А затем подошла Первая армия, которой командовал Василий Иванович Кузнецов21. Между прочим, в ее составе были три или четыре, я сейчас точно не помню, бригады моряков. Это были мужественные бойцы. Должен вам сказать, что я имел с ними дело под Ленинградом, когда Ленинград был в серьезной опасности. В районе Урицка, в районе Пулковских высот, в районе Колпина эти морские бригады покрыли себя неувядаемой славой. Немцы, когда выясняли, что здесь действуют моряки, бросались в атаки не особенно ретиво. Под Москвой моряков было, насколько я помню, шесть бригад, и они в ряде мест спасали положение. А в Первой ударной армии, в которой было больше всего моряков, они атаковали противника очень лихо и очень быстро сломали его сопротивление, когда перешли в контрнаступление, особенно в районе Клипа, – да и в дальнейшем тоже. Морякам можно сказать сейчас большое спасибо за такую их работу.
Вопрос. Когда созрел план перехода в контрнаступление?

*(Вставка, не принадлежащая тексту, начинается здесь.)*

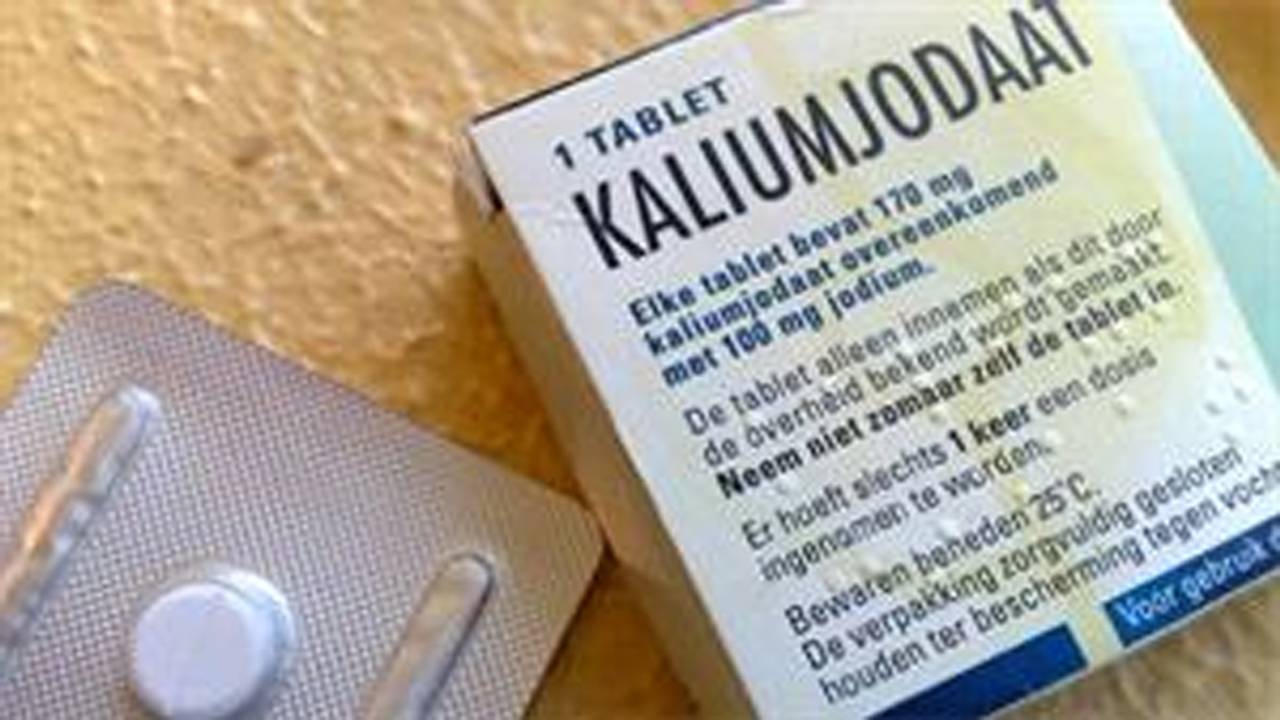 Jodiumtabletten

Жуков. Я мог бы сказать вам, что по этому вопросу у меня уже написано, и прочее… Но в ряде случаев непосвященными все это как-то неправильно ощущается, видимо, по незнанию. Вся забота тогда была – остановить противника, измотать его и нанести контрудары, с тем чтобы отбросить вклинившиеся на флангах группировки. А когда нашей разведкой и по поведению противника, и по его действиям было установлено, что он выдохся окончательно и уже не выдерживает наших контрударов, особенно когда была введена Первая ударная армия Кузнецова, нам стало понятно, что мы не должны остановиться на контрударах, а должны немедленно использовать такой благоприятный момент и развернуть контрнаступление, о чем мы и докладывали в Ставку, Верховному Главнокомандованию. Я помню переговоры по этому вопросу с Александром Михайловичем Василевским22, с Шапошниковым. Они тоже были такого же мнения. И тогда Верховный Главнокомандующий приказал нам представить свои соображения насчет контрнаступления. Такой план был представлен, одобрен, и одновременно Ставка приказала и соседним фронтам, Калининскому и правому крылу Юго-Западного фронта, подключиться и повести общее контрнаступление. Я считаю, что момент был выбран довольно удачный, потому что у противника уже не только не было сил наступать на Москву, но и фактически он не способен был выдержать наши контрудары и организовать оборону.